Ferreira Gullar:
Sempre tive simpatia por Eduardo Suplicy, muito embora ele pertença ao
Partido dos Trabalhadores. Mas também tive simpatia por esse partido.
Muitos anos atrás, melhor dizendo, quando ele foi fundado, em 1980.
Naquela época, eu militava no Partido Comunista Brasileiro (PCB), que
não viu com bons olhos a criação do PT. Menos pelo partido do que por
ter, como figura principal, Luiz Inácio Lula da Silva. Os dirigentes do
PCB não confiavam nele por saber de sua atuação à frente do sindicato
dos metalúrgicos do ABC.
Mas eu argumentava: se não conseguimos mobilizar a classe operária para a
luta política, deixemos pelo menos que alguém o faça. Mais ou menos
assim pensavam também Mário Pedrosa, Antonio Cândido, Sérgio Buarque de
Holanda, entre outros intelectuais de esquerda.
Alguns deles, anos depois, retirariam seu apoio ao PT, como foi o caso
de Hélio Bicudo, que seria um dos autores do pedido de impeachment
contra Dilma Rousseff.
Essas deserções tiveram as mais diversas causas e aumentaram depois que
Lula assumiu a Presidência da República, deixando claro seu propósito de
fazer toda e qualquer concessão para permanecer indefinidamente no
poder.
Já no que me diz respeito, bem antes disso já havia mudado de opinião
quanto ao papel que Lula e seu partido desempenhariam na vida política
brasileira. O PCB tinha razão quanto à figura de Lula e seu futuro
desempenho à frente do PT e de seus propósitos chegando à chefia do
governo.
Isso tornou-se evidente quando, em seu primeiro mandato, rejeitou a
aliança com o PMDB –ao qual teria que fazer concessões– para, em vez
disso, comprar, com o mensalão, os deputados de partidos menores.

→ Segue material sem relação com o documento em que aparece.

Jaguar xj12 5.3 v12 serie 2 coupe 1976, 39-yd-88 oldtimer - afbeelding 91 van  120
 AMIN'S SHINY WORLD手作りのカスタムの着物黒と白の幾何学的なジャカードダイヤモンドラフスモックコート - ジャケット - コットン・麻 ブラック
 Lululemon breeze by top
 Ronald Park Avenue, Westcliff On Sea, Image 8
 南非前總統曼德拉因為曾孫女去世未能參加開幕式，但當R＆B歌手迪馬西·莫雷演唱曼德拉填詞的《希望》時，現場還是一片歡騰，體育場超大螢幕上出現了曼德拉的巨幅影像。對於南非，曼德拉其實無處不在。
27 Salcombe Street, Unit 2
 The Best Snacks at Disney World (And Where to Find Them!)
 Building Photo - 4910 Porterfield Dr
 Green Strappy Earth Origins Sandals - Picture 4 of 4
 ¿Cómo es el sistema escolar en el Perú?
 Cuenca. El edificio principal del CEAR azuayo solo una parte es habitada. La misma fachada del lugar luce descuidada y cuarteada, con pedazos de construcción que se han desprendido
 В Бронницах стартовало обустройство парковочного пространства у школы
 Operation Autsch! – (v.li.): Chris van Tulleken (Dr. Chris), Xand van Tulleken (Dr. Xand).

Tudo ficou claro com o escândalo do mensalão, que resultou na
condenação, pelo Supremo Tribunal Federal, dos principais auxiliares de
Lula: José Dirceu, José Genoino e Delúbio Soares. Lula fez que não sabia
de nada e contou com a lealdade dos companheiros para escapar ileso da
falcatrua.
Mas os escândalos maiores estavam por vir, conforme revelou a Operação Lava Jato.
Negociatas envolvendo bilhões de reais, grandes empreiteiras e políticos
do PT e de outros partidos atingiriam profundamente o prestígio de Lula
e de seu partido, como ficou patente, agora, com o resultado das
eleições municipais.
Apesar de tudo isso, mantive minha simpatia por Eduardo Suplicy, talvez
por ver nele um político idealista que, embora integrante do PT, nunca
se envolveu em negociatas nem usufruiu das propinas que enriqueceram
funcionários das estatais, políticos e partidos.
Ao contrário, Suplicy, durante toda a sua atuação, insistiu em defender
os interesses da população menos favorecida. Até hoje ele batalha pela
implantação da renda básica que beneficiaria milhões de trabalhadores.
Não por acaso, enquanto seu partido, nas últimas eleições, caía para
décimo lugar na quantidade de votos obtidos, ele, Suplicy, era o mais
votado dos vereadores do país.
Ao saber disso, fiquei contente por ver que muitas vezes o eleitor vota
com justiça e consciência. Mais uma razão para que me dispusesse a
assistir a entrevista que Suplicy concedera a Roberto d'Avila. Foi
quando o ouvi, mais uma vez, manifestar sua opinião sobre os problemas
da sociedade e as medidas que propunha para resolvê-los ou atenuá-los.
Mas eis que o entrevistador pede sua opinião sobre o governo de Michel
Temer.
A resposta de Suplicy me desapontou, pois, embora sabendo-o petista, não
esperava ouvir dele o que ouvia de todos os petistas: isso de que Temer
é um presidente ilegítimo, pois não foi eleito!
Mal acreditei no que ouvi. Como Temer não foi eleito se quem votou em
Dilma votou nele? Se ela obteve 54 milhões de votos, ele os teve também,
pois a chapa era uma só. Fora isso, o vice existe para substituir o
presidente, em caso de ausência ou impedimento. Logo a presença de Temer
à frente do governo é indiscutivelmente constitucional.
Lamento dizer que, desta vez, meu estimado Suplicy pisou na bola.